2. Description of the Related Arts
PDPs have been extensively employed for monitors of television receivers and computers, and the structures as well as the materials thereof are still further under improvements.
AC type PDPs of three-electrode structure are commercially on production for color display devices. This structure is such that a pair of sustain electrodes is arranged for each line of the display matrix, and an address electrode is arranged for each row of the matrix. Colors to be displayed are determined by controlling the amount of light emitted from respective fluorescent materials of R (Red), G (Green) and B (Blue).

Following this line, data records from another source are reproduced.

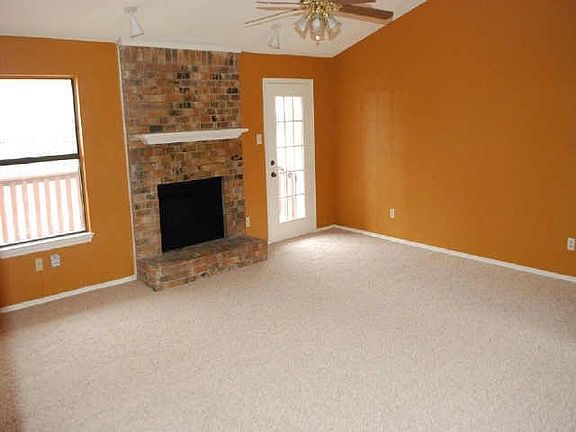 3rd image of 7853 Mahonia Dr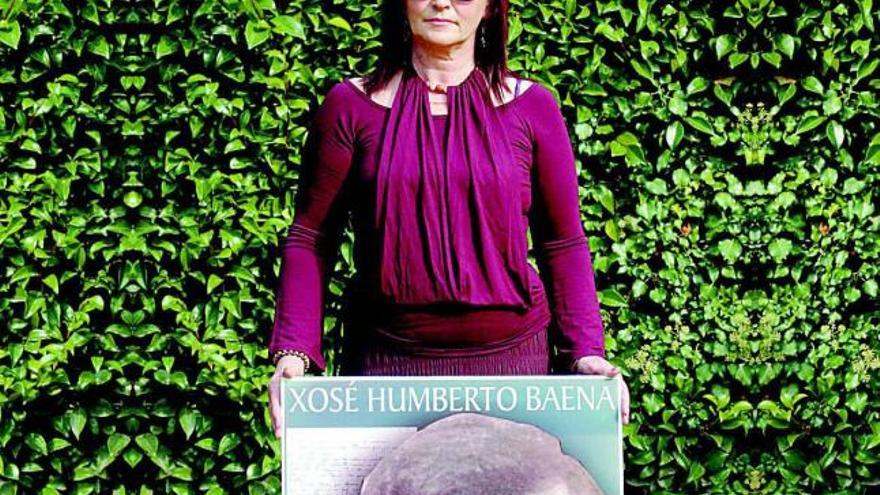 Flor Baena, con una foto de su hermano Humberto Baena.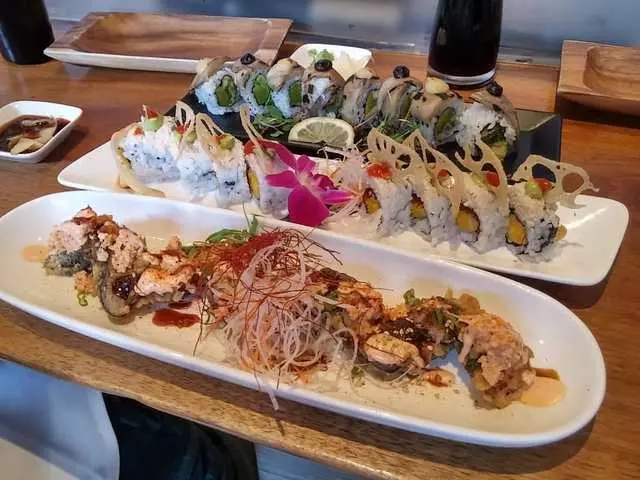 Shizen Vegan Sushi Bar & Izakaya
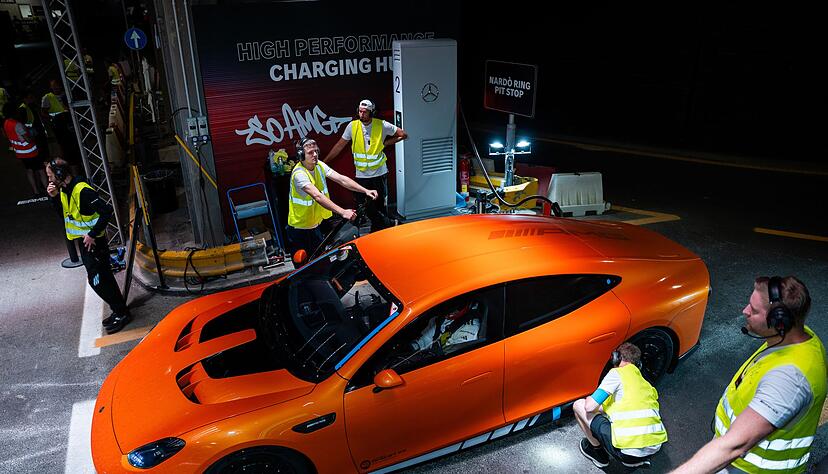 High Performance - auch beim Laden: Superschnellladen beim AMG Concept GTXX - neue Energie für 400 Kilometer in rund fünf Minuten. High Performance - auch beim Laden: Superschnellladen beim AMG Concept GTXX - neue Energie für 400 Kilometer in rund fünf Minuten.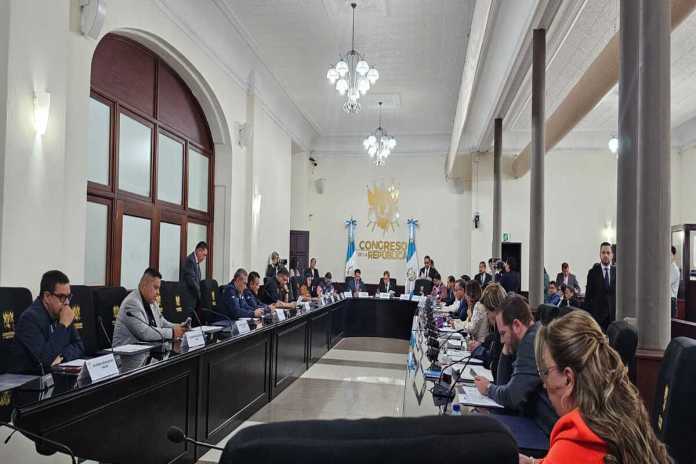 El presidente del Congreso de la República, Luis Contreras, reconoce el compromiso de país para aprobar una nueva ley contra el lavado de dinero u otros activos. Foto: La Hora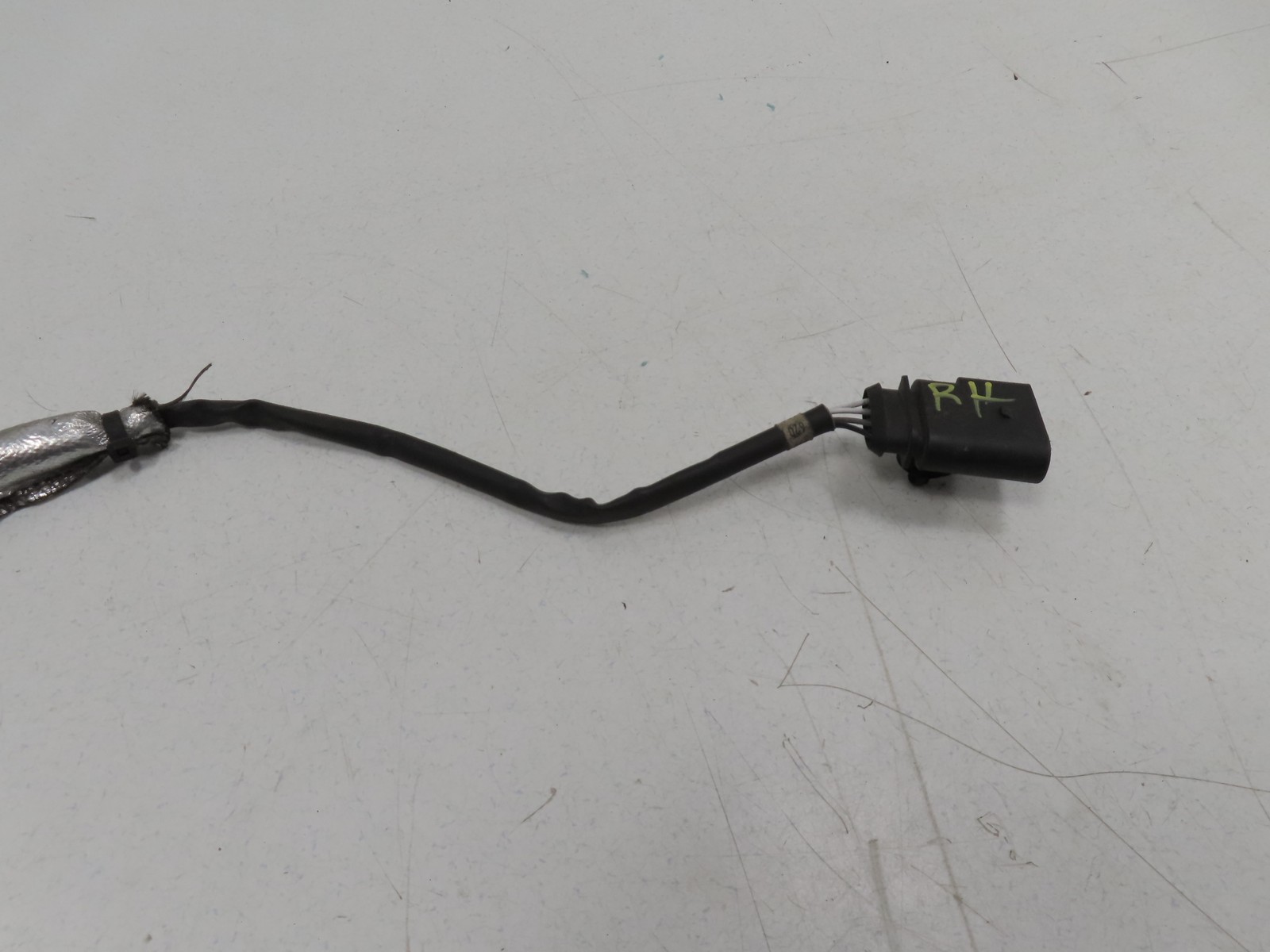 06 Lamborghini Gallardo Sensor, Emissions O2 Oxygen Exhaust Probe 06A906262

In this kind of PDP is employed as a discharge gas a Penning gas in which a small amount of xenon (Xe) gas is mixed with neon gas (Ne). Upon generating a discharge between a pair of sustain electrodes in pair the discharge gas emits an ultra violet ray. The fluorescent material is excited by this ultra violet lay so as to emit its light. The mixing ratio in the discharge gas is optimized in consideration of the margin of driving voltages, the deterioration of the fluorescent materials and the dielectric protection layer caused by bombardment thereto. The mixing ratio is typically 2 to 10 percent.
As a prior art, it has been known that a helium (He) gas is added into the above-described Penning gas (Ne+Xe). The addition of the helium gas improves the luminous efficiency as well as the color purity.

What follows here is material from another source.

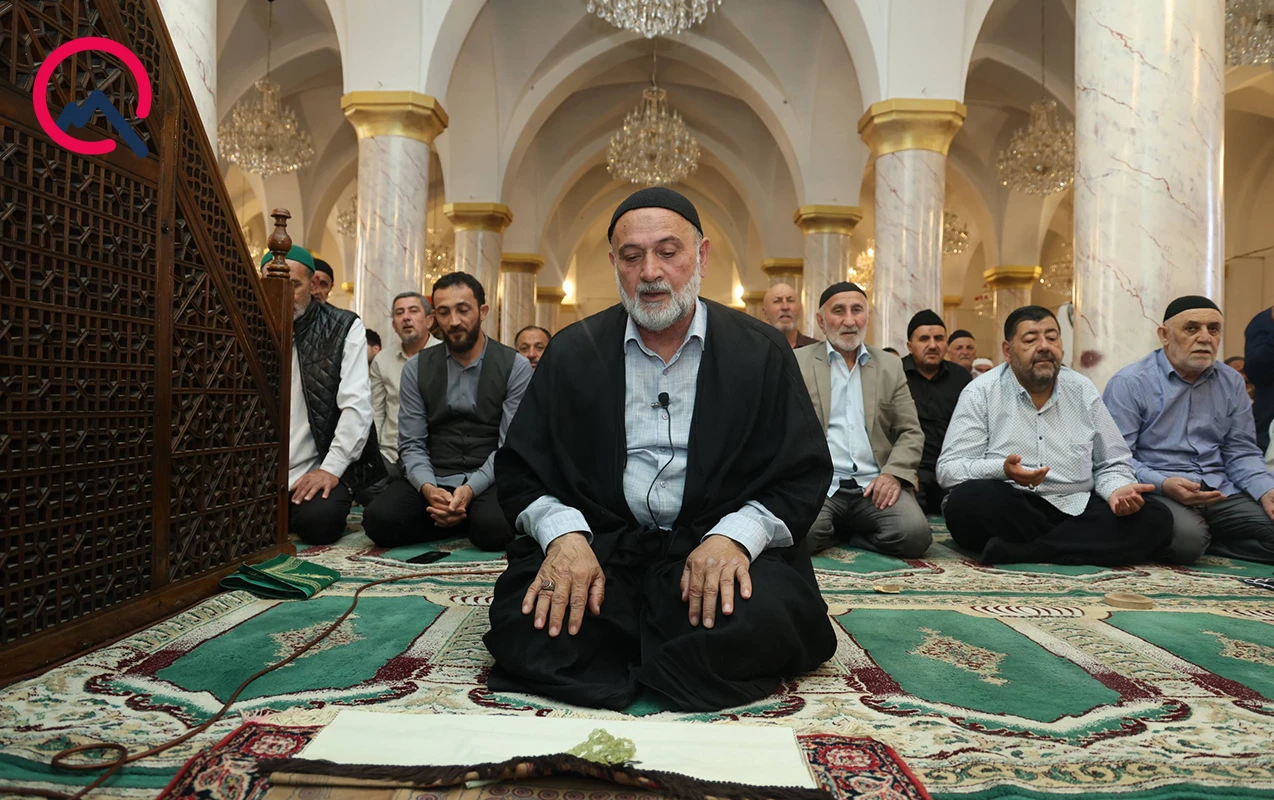 Bayram namazı qılındı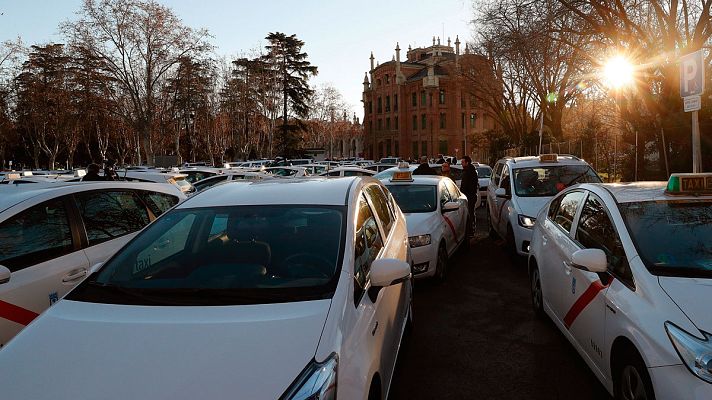 Informativo 24h - Los taxistas de Madrid inician una marcha lenta por la ciudad en su quinto día de huelga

The increase in the xenon gas content decreases the excited light emission from the neon gas so as to relatively increase light emission of the fluorescent material, resulting in an improvement of the display color purity. On the contrary, the discharge firing voltage increases considerably; therefore, it is impossible to expect a distinct improvement in the color purity within the practical range of driving voltages. Moreover, the xenon gas emitting a near-infrared ray together with the ultra violet ray causes a problem in that the increase of the xenon gas enhances a possibility of disturbing an infrared remote controller of electric appliances or an infrared communication equipment located near the PDP.
On the other hand, there is another problem in that though the addition of helium gas improves the light emitting efficiency as well as the color purity as described above, the further addition thereof accelerates the sputtering of the fluorescent materials and the protection layer, resulting in a short operation life of the PDP. Furthermore, these is a problem of helium lessening the voltage margin of the AC driving voltages. Still more, the effect of xenon gas to suppress the near infrared ray is small, but the addition of helium gas adequate to suppress the near infrared ray considerably shortens the operation life, and the less operating margin makes the driving difficult.